High Court is court of admiralty
(1)

The High Court shall be a court of admiralty, and shall exercise admiralty jurisdiction in all matters arising on the high seas, or in territorial waters, or upon any lake or other navigable inland waters in Kenya.

(2)

The admiralty jurisdiction of the High Court shall be exercisable—

(a)

over and in respect of the same persons, things and matters; and

(b)

in the same manner and to the same extent; and

(c)

in accordance with the same procedure,

as in the High Court in England, and shall be exercised in conformity with international laws and the comity of nations.

(3)

In the exercise of its admiralty jurisdiction, the High Court may exercise all the powers which it possesses for the purpose of its other civil jurisdiction.

(4)

An appeal shall lie from any judgment, order or decision of the High Court in the exercise of its admiralty jurisdiction within the same time and in the same manner as an appeal from a decree of the High Court under Part VII of the Civil Procedure Act (Cap. 21).

6.
Protection of judges and officers

No judge or magistrate, and no other person acting judicially, shall be liable to be sued in a civil court for an act done or ordered by him in the discharge of his judicial duty, whether or not within the limits of his jurisdiction, provided he, at the time, in good faith believed himself to have jurisdiction to do or order the act complained of; and no officer of a court or other person bound to execute the lawful warrants, orders or other process of a judge or such person shall be liable to be sued in any court for the execution of a warrant, order or process which he would have been bound to execute if within the jurisdiction of the person issuing it.

10.
Rules

The Chief Justice may make rules of court for regulating the practice and procedure of the High Court and, subject to any other written law, that of subordinate courts, and the power to make rules under this section shall include the power to prescribe fees and scales of remuneration.

11.

[Spent].

SCHEDULE
[Section 3(1)(b), Act No. 8 of 1968, Sch.]
PART I

The Admiralty Offences (Colonial) Act 1849.
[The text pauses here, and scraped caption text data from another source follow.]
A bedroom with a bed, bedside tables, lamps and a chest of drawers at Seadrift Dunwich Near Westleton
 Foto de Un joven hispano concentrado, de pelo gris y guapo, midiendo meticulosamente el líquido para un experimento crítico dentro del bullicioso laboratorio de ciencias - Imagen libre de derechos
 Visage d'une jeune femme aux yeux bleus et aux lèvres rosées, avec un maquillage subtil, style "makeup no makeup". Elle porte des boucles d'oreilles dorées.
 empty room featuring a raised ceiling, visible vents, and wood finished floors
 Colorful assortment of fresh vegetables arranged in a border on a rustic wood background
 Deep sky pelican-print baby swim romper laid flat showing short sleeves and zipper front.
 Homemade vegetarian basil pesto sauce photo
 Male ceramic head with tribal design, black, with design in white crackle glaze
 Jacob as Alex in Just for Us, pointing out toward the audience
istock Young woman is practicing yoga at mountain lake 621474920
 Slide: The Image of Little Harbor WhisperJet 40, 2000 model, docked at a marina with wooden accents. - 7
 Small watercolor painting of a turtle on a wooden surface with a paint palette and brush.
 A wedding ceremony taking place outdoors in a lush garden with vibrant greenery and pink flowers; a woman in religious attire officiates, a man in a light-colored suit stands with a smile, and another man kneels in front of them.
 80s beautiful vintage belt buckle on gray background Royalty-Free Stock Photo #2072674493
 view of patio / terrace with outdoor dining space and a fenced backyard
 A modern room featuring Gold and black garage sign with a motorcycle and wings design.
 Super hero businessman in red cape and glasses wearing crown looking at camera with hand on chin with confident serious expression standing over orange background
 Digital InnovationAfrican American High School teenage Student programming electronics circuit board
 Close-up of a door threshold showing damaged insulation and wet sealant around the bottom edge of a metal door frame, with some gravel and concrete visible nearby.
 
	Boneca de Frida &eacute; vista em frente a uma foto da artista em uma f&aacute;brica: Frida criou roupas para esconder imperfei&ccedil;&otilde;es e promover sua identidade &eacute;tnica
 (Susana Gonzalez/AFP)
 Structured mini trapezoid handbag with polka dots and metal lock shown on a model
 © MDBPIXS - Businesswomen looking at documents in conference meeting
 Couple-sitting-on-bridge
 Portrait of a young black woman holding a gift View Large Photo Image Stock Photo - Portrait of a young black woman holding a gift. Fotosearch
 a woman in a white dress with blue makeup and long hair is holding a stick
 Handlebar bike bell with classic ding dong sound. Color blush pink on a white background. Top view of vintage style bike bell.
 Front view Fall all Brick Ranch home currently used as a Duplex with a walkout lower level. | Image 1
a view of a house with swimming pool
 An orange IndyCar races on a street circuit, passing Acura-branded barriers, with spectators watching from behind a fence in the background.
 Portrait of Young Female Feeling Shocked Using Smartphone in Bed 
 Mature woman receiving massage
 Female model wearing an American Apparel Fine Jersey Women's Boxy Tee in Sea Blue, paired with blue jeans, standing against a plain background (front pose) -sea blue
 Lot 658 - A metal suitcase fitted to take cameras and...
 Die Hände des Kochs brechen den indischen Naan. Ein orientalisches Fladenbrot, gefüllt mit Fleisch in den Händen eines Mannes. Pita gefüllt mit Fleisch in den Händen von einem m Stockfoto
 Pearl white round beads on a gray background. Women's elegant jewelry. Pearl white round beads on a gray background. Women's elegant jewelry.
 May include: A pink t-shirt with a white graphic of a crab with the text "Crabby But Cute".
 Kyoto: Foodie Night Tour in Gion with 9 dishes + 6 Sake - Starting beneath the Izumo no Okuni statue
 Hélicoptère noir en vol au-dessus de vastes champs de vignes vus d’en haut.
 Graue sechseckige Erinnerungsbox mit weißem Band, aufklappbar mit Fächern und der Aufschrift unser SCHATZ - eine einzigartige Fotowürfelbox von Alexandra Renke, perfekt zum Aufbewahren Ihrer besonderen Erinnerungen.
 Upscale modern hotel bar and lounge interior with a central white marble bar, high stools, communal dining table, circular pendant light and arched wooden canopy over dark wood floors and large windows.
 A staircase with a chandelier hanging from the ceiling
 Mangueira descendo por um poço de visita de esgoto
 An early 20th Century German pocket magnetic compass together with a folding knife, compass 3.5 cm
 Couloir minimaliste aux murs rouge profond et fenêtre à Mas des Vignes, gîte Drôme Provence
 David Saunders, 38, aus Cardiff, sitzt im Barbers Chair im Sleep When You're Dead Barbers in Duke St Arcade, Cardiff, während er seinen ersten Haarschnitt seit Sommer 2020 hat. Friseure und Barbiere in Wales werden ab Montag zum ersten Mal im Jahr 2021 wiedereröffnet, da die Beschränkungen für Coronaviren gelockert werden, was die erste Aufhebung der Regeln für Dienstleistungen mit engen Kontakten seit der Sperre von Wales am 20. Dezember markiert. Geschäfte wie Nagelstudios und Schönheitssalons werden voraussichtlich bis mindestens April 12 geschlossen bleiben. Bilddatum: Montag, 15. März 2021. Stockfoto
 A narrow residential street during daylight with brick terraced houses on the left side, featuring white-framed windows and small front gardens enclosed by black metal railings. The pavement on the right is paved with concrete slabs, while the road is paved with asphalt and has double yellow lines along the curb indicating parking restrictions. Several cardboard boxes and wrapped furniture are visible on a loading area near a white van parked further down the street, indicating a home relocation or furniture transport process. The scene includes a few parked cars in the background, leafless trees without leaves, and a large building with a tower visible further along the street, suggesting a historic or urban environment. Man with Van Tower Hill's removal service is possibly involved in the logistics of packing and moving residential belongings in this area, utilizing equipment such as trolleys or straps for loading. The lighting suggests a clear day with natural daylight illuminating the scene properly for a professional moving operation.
The Evidence Act 1851, sections 7 and 11.

The Foreign Tribunals Evidence Act 1856.

The Evidence by Commission Act 1859.

The British Law Ascertainment Act 1859.

The Admiralty Offences (Colonial) Act 1860.

The Foreign Law Ascertainment Act 1861.

The Conveyancing (Scotland) Act 1874, section 51.

The Evidence by Commission Act 1885.

PART II

1.

The President shall replace the Governor, and a magistrate holding a subordinate court of the first class shall replace a Magistrate or Justice of the Peace.

2.

Where under the Merchant Shipping Act, 1894 anything is authorized to be done by, to or before a British Consular Officer, such thing may be done by, to or before a public officer appointed for the purpose by the Minister.

3.

In section 51 of the Conveyancing (Scotland) Act, 1874, the High Court shall replace a Court of Probate.